**Work order**
Only one stretch of the data below is wanted: the lines from the one with "2018 GMC Savana Base" through the one with "ręcznie robiona świeca sojowa", repeated exactly.

**Records supplied**
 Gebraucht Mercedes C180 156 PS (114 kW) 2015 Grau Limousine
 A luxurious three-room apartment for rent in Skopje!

* * *

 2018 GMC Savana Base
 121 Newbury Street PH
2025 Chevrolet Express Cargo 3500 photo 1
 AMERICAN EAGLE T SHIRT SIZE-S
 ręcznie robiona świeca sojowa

**Answer for the task**
 2018 GMC Savana Base
 121 Newbury Street PH
2025 Chevrolet Express Cargo 3500 photo 1
 AMERICAN EAGLE T SHIRT SIZE-S
 ręcznie robiona świeca sojowa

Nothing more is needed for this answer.